The plaintiff also claimed that after his visit was terminated he was taken from his cell and placed on "awaiting action" status in the DSU and that he was placed there without compliance with the governing regulations. 103 Code Mass. Regs. Sections 420.13(2)(b) and 421.07 (1978). Kenney v. Commissioner of Correction, 393 Mass. 28 , 34 (1984). The defendants denied that he was placed in the DSU.

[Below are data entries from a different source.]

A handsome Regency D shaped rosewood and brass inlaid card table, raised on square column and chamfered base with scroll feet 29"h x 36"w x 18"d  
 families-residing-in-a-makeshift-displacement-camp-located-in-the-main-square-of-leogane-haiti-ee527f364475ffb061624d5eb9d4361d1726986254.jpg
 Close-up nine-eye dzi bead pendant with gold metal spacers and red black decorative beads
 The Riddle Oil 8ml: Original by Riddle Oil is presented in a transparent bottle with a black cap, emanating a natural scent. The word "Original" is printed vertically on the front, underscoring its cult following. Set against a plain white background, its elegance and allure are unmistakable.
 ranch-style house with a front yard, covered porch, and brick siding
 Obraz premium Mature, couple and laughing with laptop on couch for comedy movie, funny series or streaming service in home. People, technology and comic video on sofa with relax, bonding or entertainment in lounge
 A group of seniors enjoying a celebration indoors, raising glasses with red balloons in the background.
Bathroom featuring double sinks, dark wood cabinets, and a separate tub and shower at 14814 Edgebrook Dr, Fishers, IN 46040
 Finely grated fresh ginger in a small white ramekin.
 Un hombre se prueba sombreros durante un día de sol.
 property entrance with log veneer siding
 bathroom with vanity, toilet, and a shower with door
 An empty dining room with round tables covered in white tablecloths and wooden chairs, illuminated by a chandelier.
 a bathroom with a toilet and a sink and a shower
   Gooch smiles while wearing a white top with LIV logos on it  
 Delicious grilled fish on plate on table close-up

A motion for summary judgment is in order "if the pleadings, depositions, answers to interrogatories, and admissions on file, together with the affidavits, if any, show that there is no genuine issue as to any material fact and that the moving party is entitled to a judgment as a matter of law." Mass.R.Civ.P. 56(c), 365 Mass. 824 (1974). See Jones v. Wayland, 380 Mass. 110 , 114 n.7 (1980). Here, the record shows that there are genuine disputed issues as to material facts and the defendants were not entitled to a judgment as matter of law.

The judgment is vacated, and the matter is remanded to the Superior Court.

So ordered.


FOOTNOTES

[Note 1] Various correctional officers.

[Note 2] In regard to the claim that the department violated its regulations as to the use of informant information, the plaintiff asserted that the informant was not an inmate but a member of the prison staff. The defendants denied that assertion.